* **Required action**: Quote each line of the material verbatim, without the pictures.

* **Raw data**:

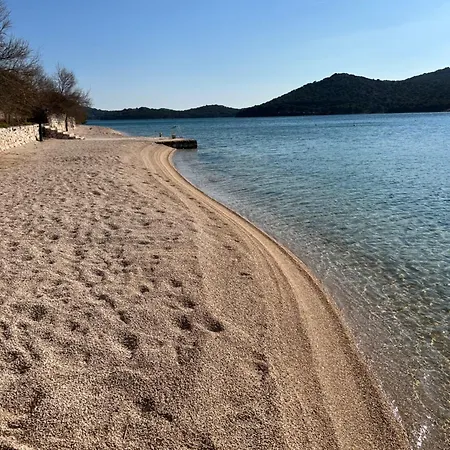 Pina Mila 4-6 Personen Mit Meerblick * Tisno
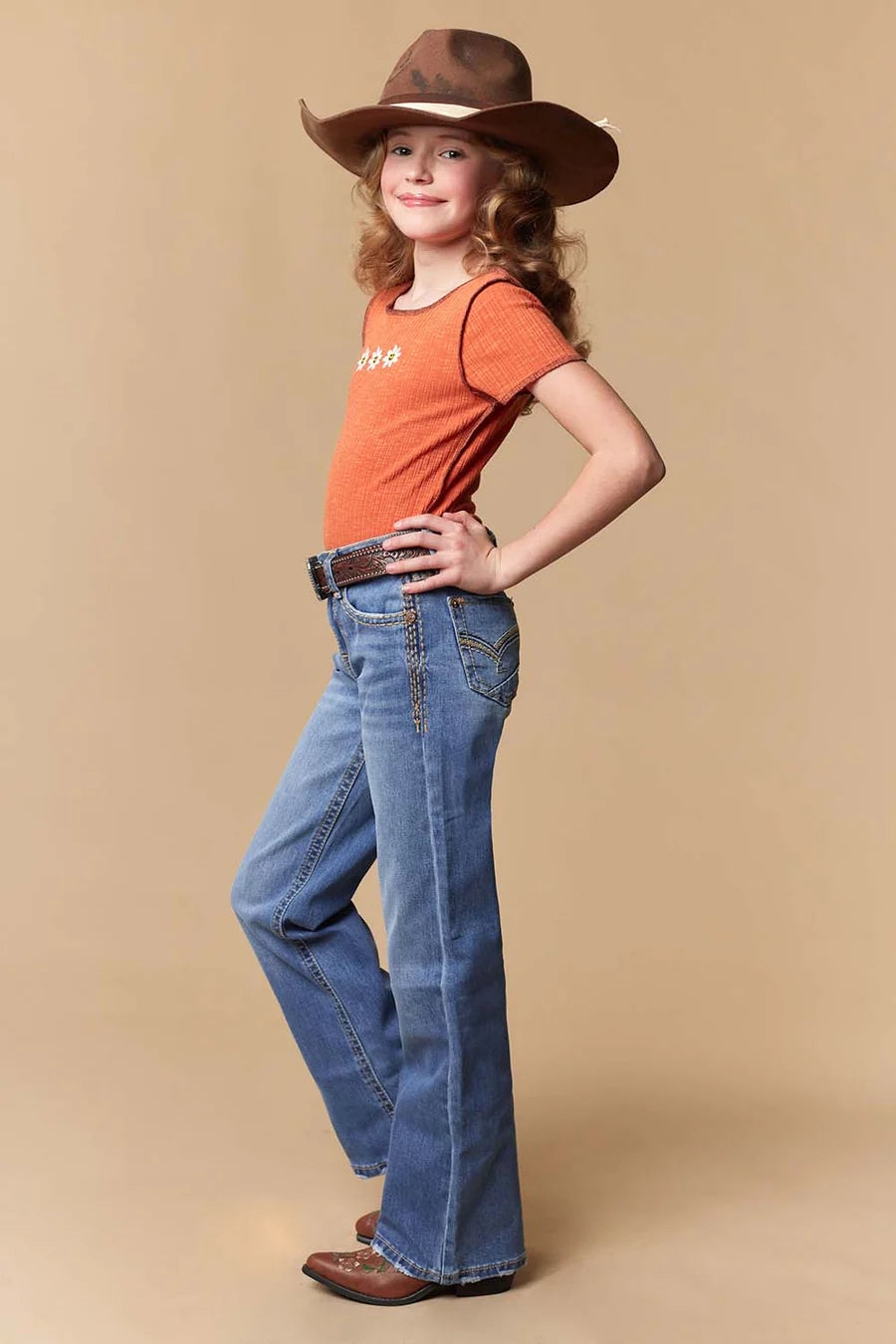 Sexy Couture - Jeans anchos con bordado ligero para niña - W242-TS-K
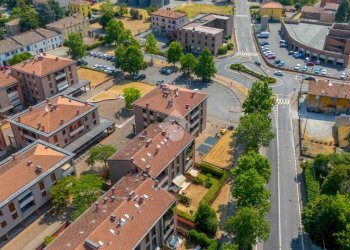 Three-room apartment Via Menconi, Langhirano - photo 1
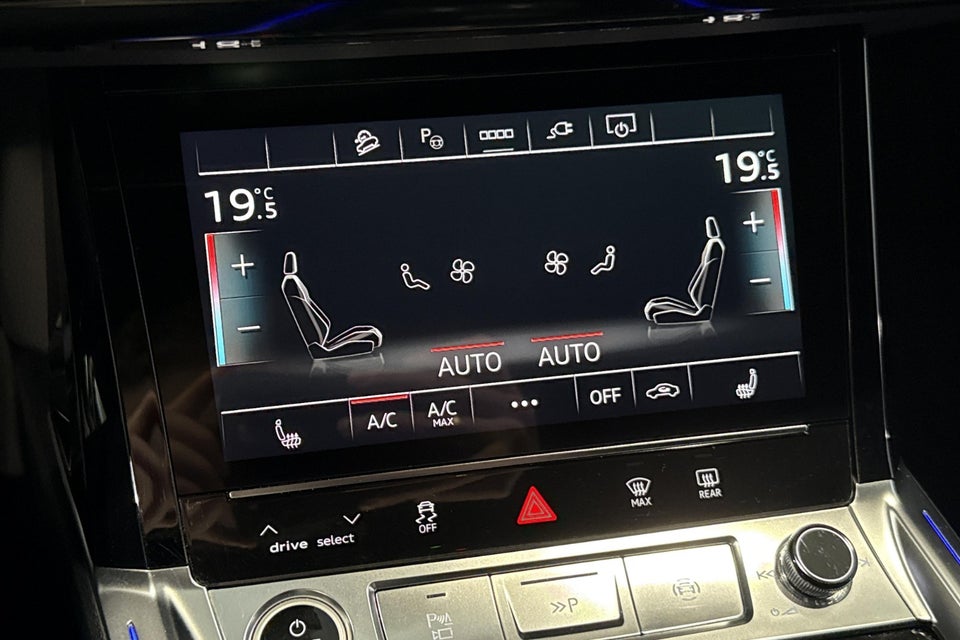 Audi Q8 e-tron 55 S-line quattro 5d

* **Solved problem**:
 Pina Mila 4-6 Personen Mit Meerblick * Tisno
 Sexy Couture - Jeans anchos con bordado ligero para niña - W242-TS-K
 Three-room apartment Via Menconi, Langhirano - photo 1
 Audi Q8 e-tron 55 S-line quattro 5d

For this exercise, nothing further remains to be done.